October 27, 1858 marked the day an American hero would be born. Theodore Roosevelt had a rough childhood compared to most children. As a child, he was very sick and frail. With his asthma and weak body, Roosevelt ended up becoming an easy target for bullies. Though, at the age of fourteen, he finally decided to change his life for good. Theodore eventually became very physically fit and learned how to tolerate his asthma by toughening up and building his body.
Later, he even participated in 2 collegiate sports that required lots of physical exertion: rowing and boxing (Fehn 53). Roosevelt also learned to enjoy reading and writing at an early age. Roosevelt “had a ‘compulsion to write,’ and his ‘habit, in moments of joy or sorrow, had always been to reach for a pen, as others might reach for a rosary or a bottle’” (Oseid 138).
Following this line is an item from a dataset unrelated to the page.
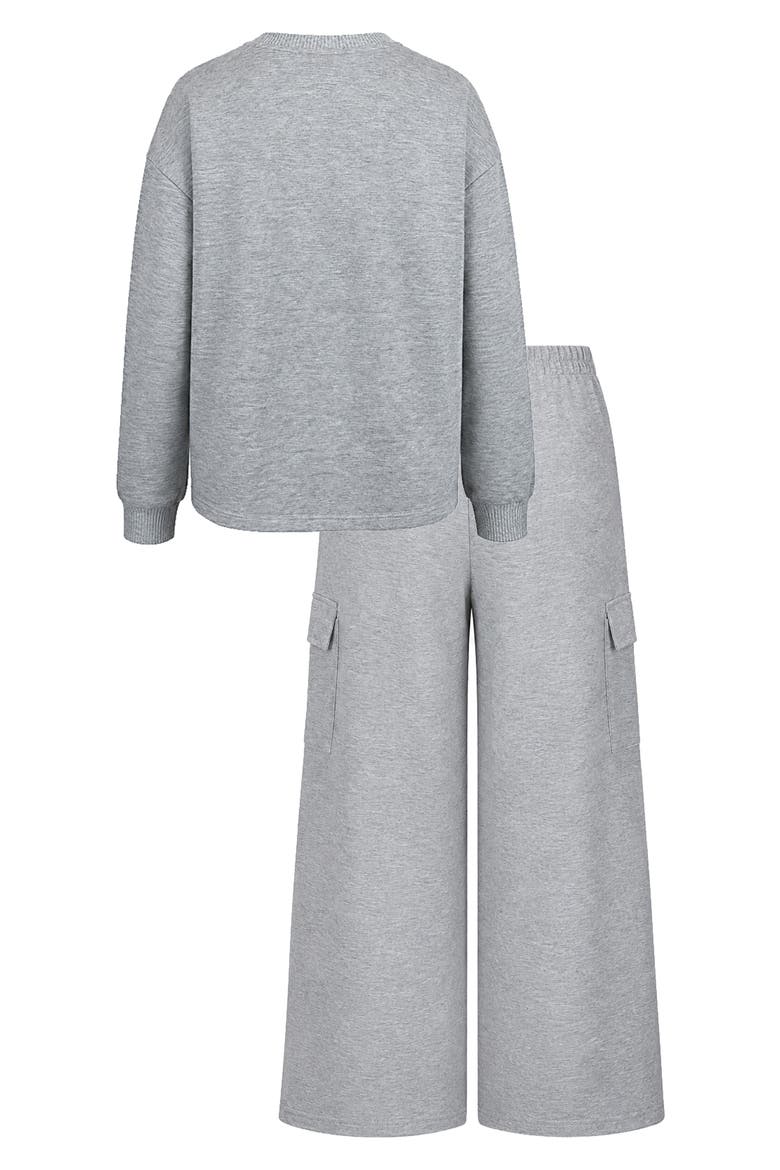 Kids' 2-Piece Stripe Sweatsuit, Alternate, color, GREY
A day never went by in which Teddy did not read a book.
It is estimated that he read over 20,000 books while he was alive. Due to his love for writing and reading, Roosevelt “was a prolific public speaker” who wrote all of his own speeches and was the most well read of all our presidents (Oseid 141, 127).
Theodore Roosevelt gave his speech, “The Strenuous Life,” on April 10, 1899 to the Hamilton Club in Chicago. This speech was given only months after the U.S. senate had signed treaties with Spain con…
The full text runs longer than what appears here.